» What to work on:
Each record must be copied in full and unchanged; any image it holds is excluded.

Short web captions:

********************

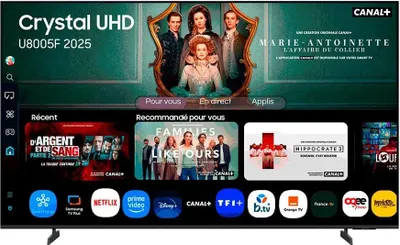 A Samsung TV displaying a streaming service interface with various show posters and app icons.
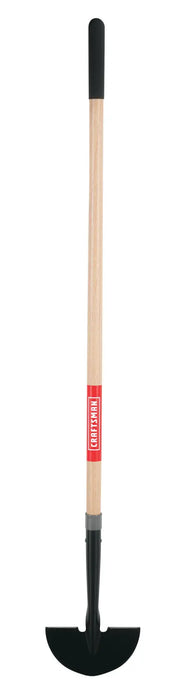 A garden edger tool with a wooden handle, a black rubber grip at the top, and a black metal half-moon blade at the bottom. The handle features a red and white label.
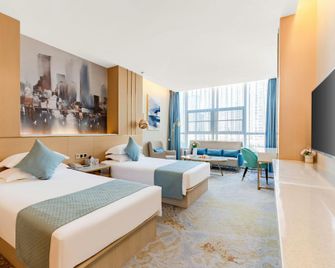 Chizhou Daqianmen Light Luxury Hotel - Chizhou - Bedroom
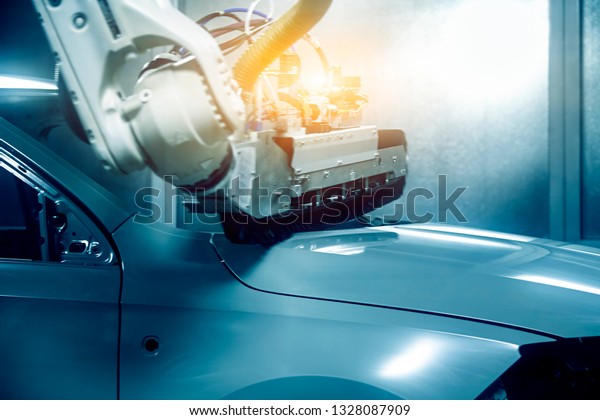 On the automobile manufacturing line, the\
robotic arm is grinding the car\
frame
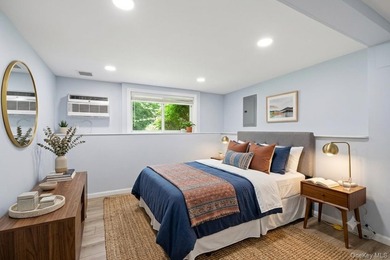 Nestled on a quiet, tree-lined cul-de-sac in Northport, this - photo 30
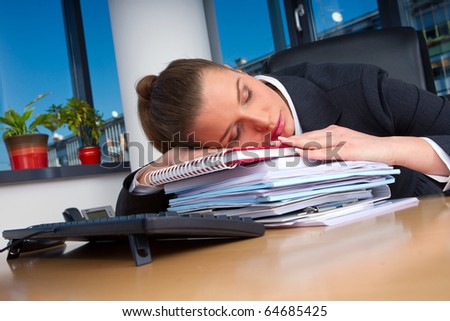 business woman sleeping at office desk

********************

» Result of this task:
 A Samsung TV displaying a streaming service interface with various show posters and app icons.
 A garden edger tool with a wooden handle, a black rubber grip at the top, and a black metal half-moon blade at the bottom. The handle features a red and white label.
 Chizhou Daqianmen Light Luxury Hotel - Chizhou - Bedroom
 On the automobile manufacturing line, the\
robotic arm is grinding the car\
frame
 Nestled on a quiet, tree-lined cul-de-sac in Northport, this - photo 30
 business woman sleeping at office desk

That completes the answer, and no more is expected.